Yes, this movie is nothing more than the title suggests, with approximately 0% subtlety, nuance or deep meaning. But this story of a coked-up brown bear on a killing spree is 100% fun. Based (very, very loosely) on a true story of a bear in a national park who discovers, then ingests a quantity of cocaine, Jimmy Warden’s script for Cocaine Bear built upon that slender frame until it became an all-out Man vs. Nature epic.
As funny as it is, though, Cocaine Bear is still a horror, and is rated R. If you are averse to gore, you should know that this is a film with more kills than Hereditary (and more bears than Midsommar. if that means anything to you), but on the plus side, it definitely has way more laughs per minute than both of Ari Aster’s boutique horror films combined.

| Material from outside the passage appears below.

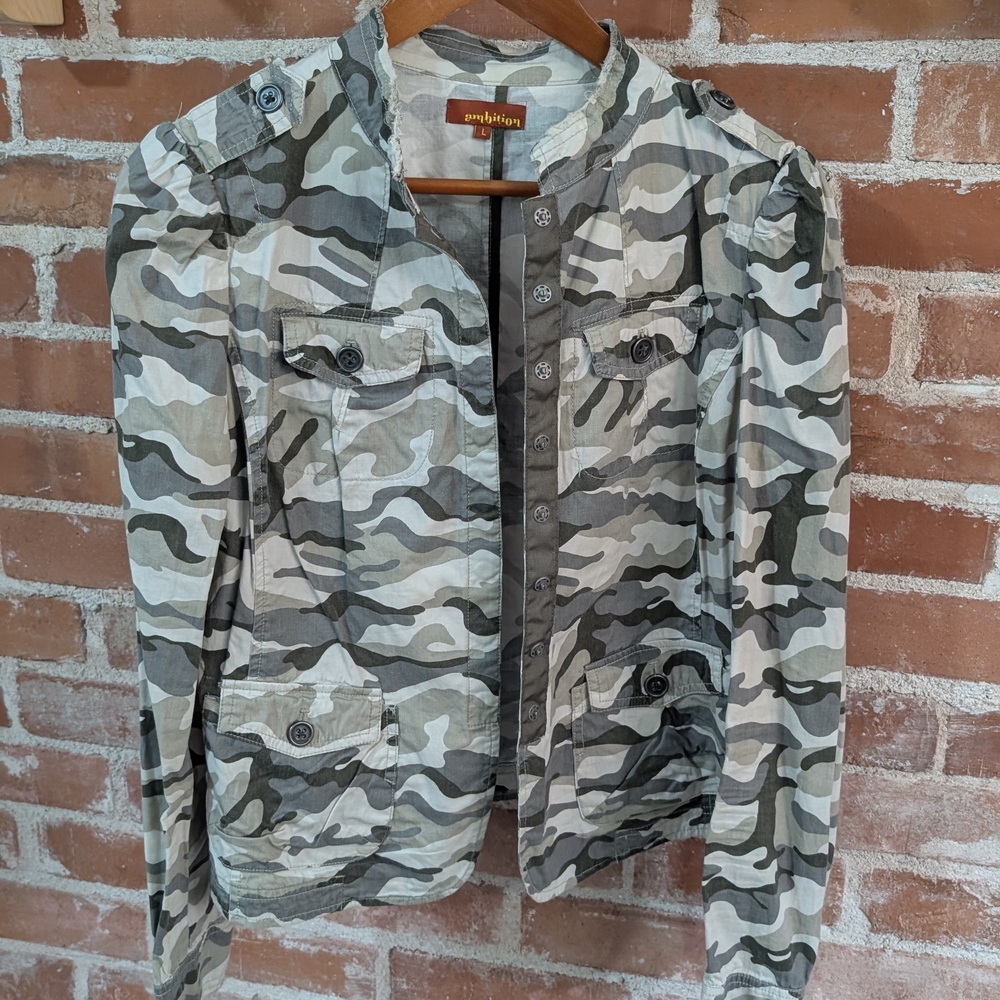 Vintage 90's Camouflage Blazer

The story begins in 1985 when a drug runner who looks to be high on his own supply (an uncredited Matthew Rhys, the first of three former stars of The Americans in the cast), tossing duffel bags that are stuffed with bricks of cocaine out of an airplane hatch. Before he can don his chute and jump after his ill-gotten goods, he conks himself on the head and falls to his death.
After that precipitating event, we meet the cast of characters. There’s a female black bear, courtesy of some decent but not perfect CGI, who is already loaded when the movie begins, having sampled a brick or two of coke that fell into the Chattahoochee National Forest, in northern Georgia.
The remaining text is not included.